**Supplied information**
------------------------------------------------

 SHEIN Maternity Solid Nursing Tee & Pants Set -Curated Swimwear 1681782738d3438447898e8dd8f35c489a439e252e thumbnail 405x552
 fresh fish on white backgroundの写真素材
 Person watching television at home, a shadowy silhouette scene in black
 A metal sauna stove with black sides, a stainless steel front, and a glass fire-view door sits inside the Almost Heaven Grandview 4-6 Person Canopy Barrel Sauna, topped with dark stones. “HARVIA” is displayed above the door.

------------------------------------------------

**What the exercise asks**
Reproduce the material above exactly; please quote every line of it.

**Reply to the task**
 SHEIN Maternity Solid Nursing Tee & Pants Set -Curated Swimwear 1681782738d3438447898e8dd8f35c489a439e252e thumbnail 405x552
 fresh fish on white backgroundの写真素材
 Person watching television at home, a shadowy silhouette scene in black
 A metal sauna stove with black sides, a stainless steel front, and a glass fire-view door sits inside the Almost Heaven Grandview 4-6 Person Canopy Barrel Sauna, topped with dark stones. “HARVIA” is displayed above the door.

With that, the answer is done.